The student newspaper also reported that $6.8 million of Harvard’s contributions were “community benefits credits,” which are calculated based on the amount that Harvard’s existing initiatives financially benefit Boston residents. This means that less than half of Harvard’s contributions came from discretionary funds.

And in Providence, Mayor Brett Smiley said earlier this month that the city’s PILOT program with Brown University, which expires this spring, should be expanded. Smiley is specifically seeking a change in state law that would tax properties rented out by tax-exempt universities to for-profit commercial tenants.

Brown spokesman Brian Clark told the WPRI news station that the Ivy League school paid $2.4 million last fiscal year for its commercial buildings and spaces.

Asked if the school would be willing to contribute more, Clark said the university is “proud of the significant number of ways” the school supports the city.

Ideally, Payne said Charlottesville and UVa would rise to the occasion and be one of the success stories.

“It’s just a question of ‘Does UVa have the will and desire to figure out how they’re going to make the program happen?’” Payne said. “One thing the university often responds with is ‘We’re a public university and we receive public money.’ The important context is that the university budget is only about 15% public money from the General Assembly. So the vast majority is not public and they do have the ability to allocate some of that to a PILOT program.”

Payne said part of the next steps toward enacting a PILOT program would be an education campaign to illustrate how the university could help support the community where it is located.

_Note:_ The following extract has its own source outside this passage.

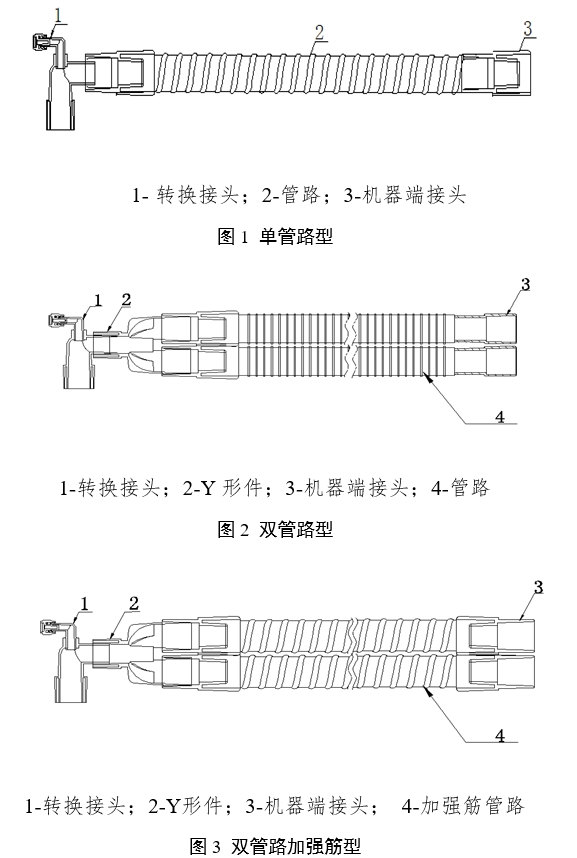 麻醉机和呼吸机用呼吸管路产品注册审查指导原则(2024年修订版)(2024年第21号)(图1) 麻醉机和呼吸机用呼吸管路产品注册审查指导原则(2024年修订版)(2024年第21号)(图1)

That’s a community where officials have been trying to cope with what they themselves have identified as a housing “crisis” since at least 2009.

The median sales price for a single-family residence in the Charlottesville area sits at about $400,000 today, according to the latest numbers from the Charlottesville Area Association of Realtors. The median income in the city is $31,161, according to 2020 census figures. The annual salary needed to afford a $400,000 house is at least $165,000, according to fintech company SoFi.

With more than 28,000 employees, UVa is the No. 1 employer in Charlottesville, where the population reached 51,278 in 2022, according to the latest data from the Weldon Cooper Center at the University of Virginia, which studies population demographics.

Payne said he believes that the community would support a PILOT program if they were exposed to the hard numbers and the potential benefit of university dollars flowing into the city’s housing and education programs.

“I think for it to happen really requires building education and support in the community that this is something that’s been done across the country,” Payne said. “It’s something that UVa has the ability to do, there are the benefits it could have for housing and education while building momentum in the city. For the university student body, alumni and faculty, this is something we really want to see UVa take action on.”

Payne said he believes the push for the PILOT program will be similar to the push for a living wage for faculty members.

After students, staff, faculty and community members lobbied the university, UVa announced in 2019 it would begin paying all full-time, benefits-eligible employees in its academic division and medical center “a living wage of at least $15 an hour.”